Depends on your goals. Many hard corals will grow faster at higher alk and higher pH.


Calcium

Many corals use calcium to form their skeletons, which are composed primarily of calcium carbonate. The corals get most of the calcium for this process from the surrounding water. Consequently, calcium often becomes depleted in aquaria housing rapidly growing corals, calcareous red algae (coralline algae), Tridacnids (clams) and Halimeda (a macroalgae containing calcium carbonate). As the calcium level drops below 360 ppm, it becomes progressively more difficult for these organisms to collect enough calcium, thus stunting their growth.

Maintaining the calcium level is one of the most important aspects of coral reef aquarium husbandry. Most reef aquarists try to maintain approximately natural levels of calcium in their aquaria (~420 ppm). It does not appear that boosting the calcium concentration above natural levels enhances calcification (i.e., skeletal growth) in most corals.

For these reasons, I suggest that aquarists maintain a calcium level between about 380 and 450 ppm, although higher is generally not a problem until it gets so high that calcium carbonate precipitation becomes problematic. Aquarists with a very light demand may be able to maintain calcium with water changes, especially since some salt mixes have excessive calcium in them.
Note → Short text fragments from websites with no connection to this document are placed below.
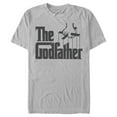 thumbnail image 1 of Men's The Godfather Puppet Master Logo Graphic Tee Silver Medium, 1 of 3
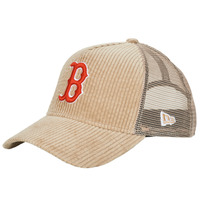 Accessoires Schirmmütze New-Era MLB CORD TRUCKER BOSTON RED SOX Beige / Rot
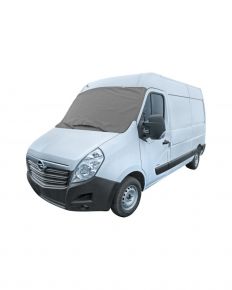 Fagyvédő szélvédőtakaró furgonhoz Winter Delivery Van XXL, szürke (110 × 170–185 cm)
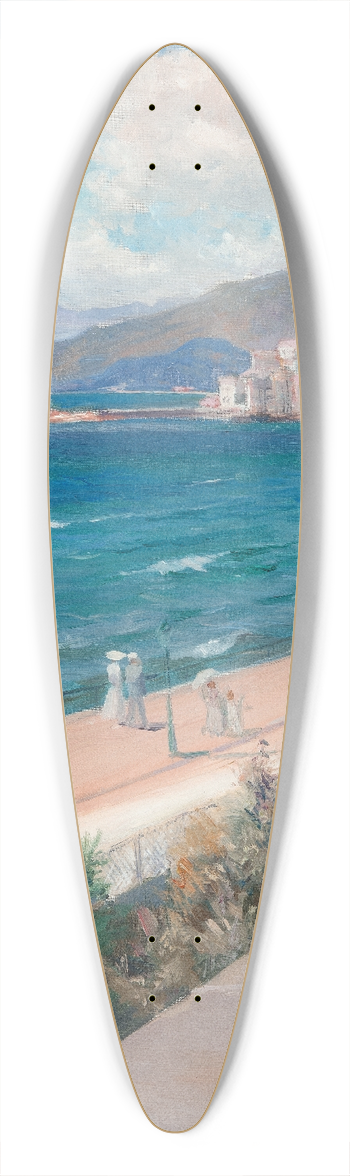 Albert Edelfelt - From my Window in Cannes 39.3 inch art pintail longboard deck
But most established aquaria with growing hard corals and coralline algae will require some calcium supplementation, and in some cases, it might be needed every day.

I usually suggest using a balanced calcium and alkalinity additive system for routine maintenance. The most popular of these balanced methods include limewater (kalkwasser), calcium carbonate/carbon dioxide reactors, and the two-part or three-part additive systems for calcium and alkalinity. If calcium is depleted and needs to be raised significantly, however, such balanced methods are not a good choice since they will raise alkalinity too much. In that case, adding calcium chloride is a good method for raising calcium in a one-time correction.

Alkalinity

Like calcium, many corals also use "alkalinity" to form their skeletons, which are composed primarily of calcium carbonate. It is generally believed that corals take up bicarbonate, convert it into carbonate, and then use that carbonate to form calcium carbonate skeletons. That conversion process is shown as:

HCO3- → CO3-- + H+

Bicarbonate → Carbonate + proton (which is released from the coral)

To ensure that corals have an adequate supply of bicarbonate for calcification, aquarists could just measure bicarbonate directly. Designing a test kit for bicarbonate, however, is somewhat more complicated than for alkalinity. Consequently, the use of alkalinity as a surrogate measure for bicarbonate is deeply entrenched in the reef aquarium hobby.

So, what is alkalinity? Alkalinity in a marine aquarium is simply a measure of the amount of acid (H+) required to reduce the pH to about 4.5, where all bicarbonate is converted into carbonic acid as follows:

HCO3- + H+ → H2CO3

The amount of acid needed is equal to the amount of bicarbonate present, so when performing an alkalinity titration with a test kit, you are “counting†the number of bicarbonate ions present. It is not, however, quite that simple since some other ions also take up acid during the titration. Both borate and carbonate also contribute to the measurement of alkalinity, but the bicarbonate dominates these other ions since they are generally lower in concentration than bicarbonate. So knowing the total alkalinity is akin to, but not exactly the same as, knowing how much bicarbonate is available to corals. In any case, total alkalinity is the standard that aquarists use for this purpose.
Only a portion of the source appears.